[[ Supplied data open ]]

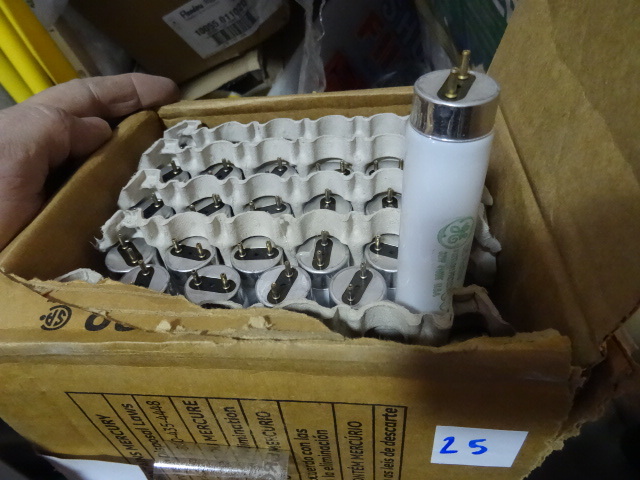 lot 25 image: NEW Case of Qty 35 GE F32T8841PROEC Fluorescent Light Bulbs.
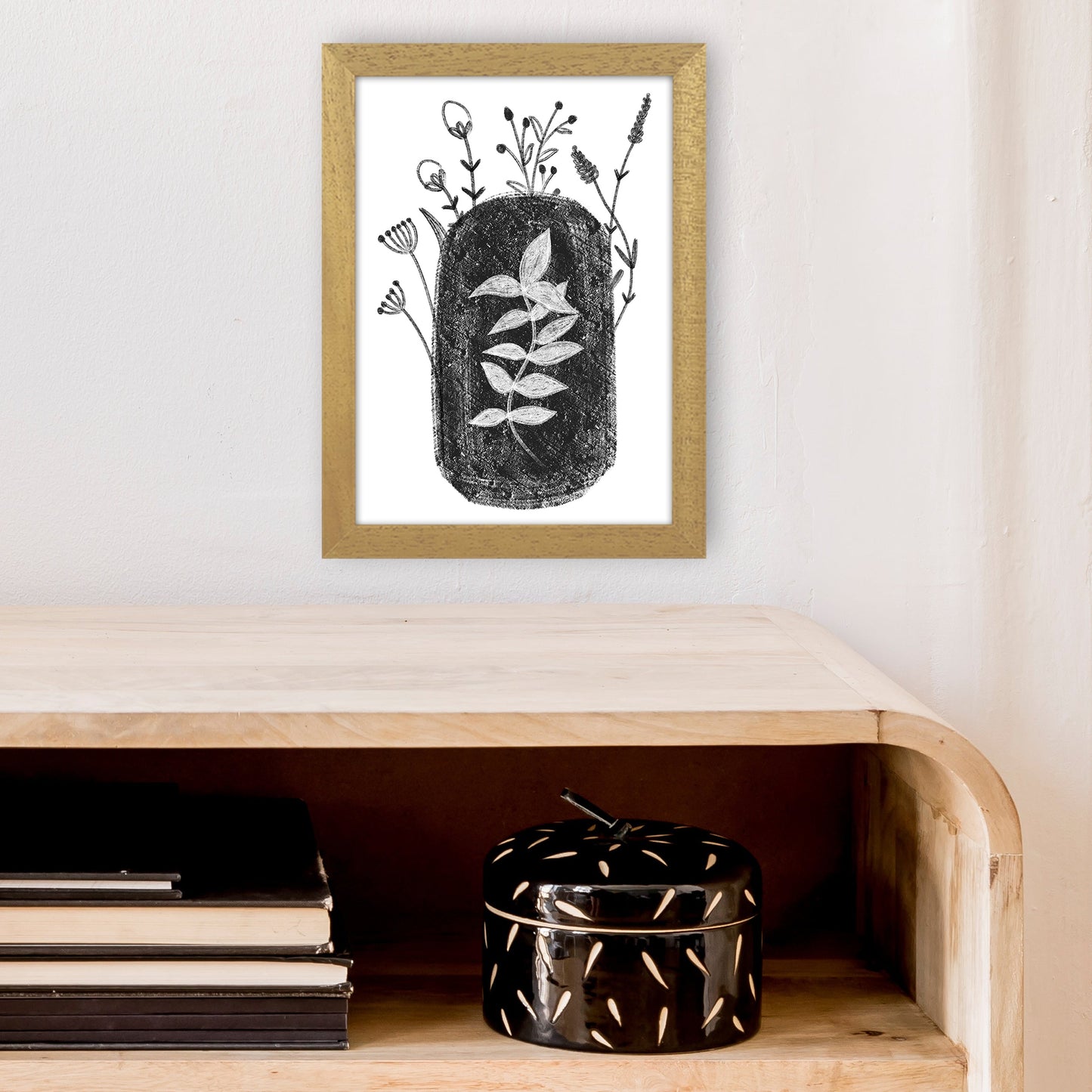 Avelena | Dalia Kreide Schwarz Floral Kunstdruck Von Pixy Paper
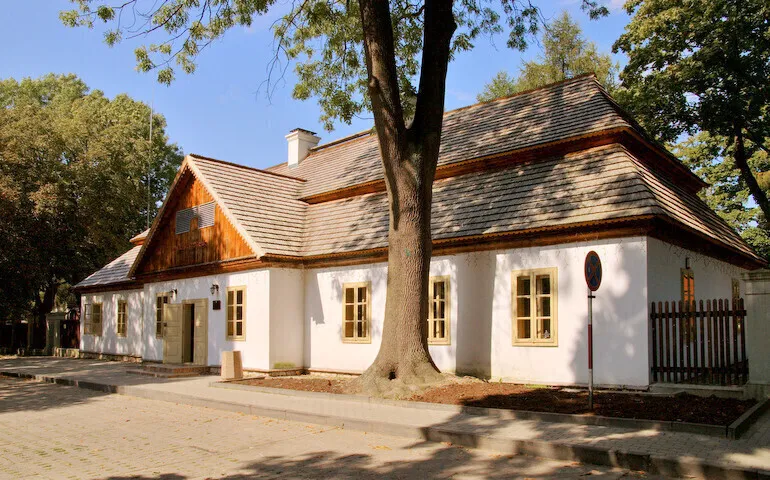 Zdjęcie Dworek Stawy Jana: Historia, architektura i atrakcje w Łodzi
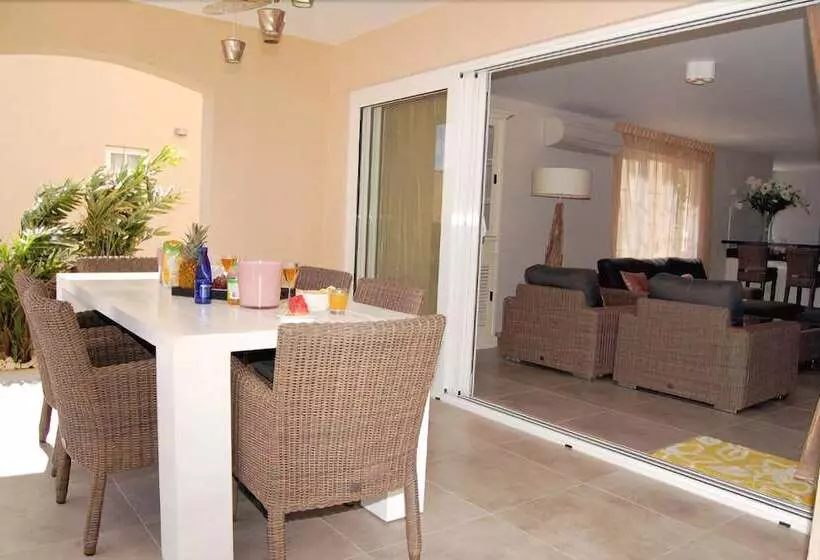 هتل Ocean Resort Apartment Pelican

[[ Supplied data closed ]]

> Task description: Take the data above and set it down exactly, images excluded.

> Answer area:
 lot 25 image: NEW Case of Qty 35 GE F32T8841PROEC Fluorescent Light Bulbs.
 Avelena | Dalia Kreide Schwarz Floral Kunstdruck Von Pixy Paper
 Zdjęcie Dworek Stawy Jana: Historia, architektura i atrakcje w Łodzi
 هتل Ocean Resort Apartment Pelican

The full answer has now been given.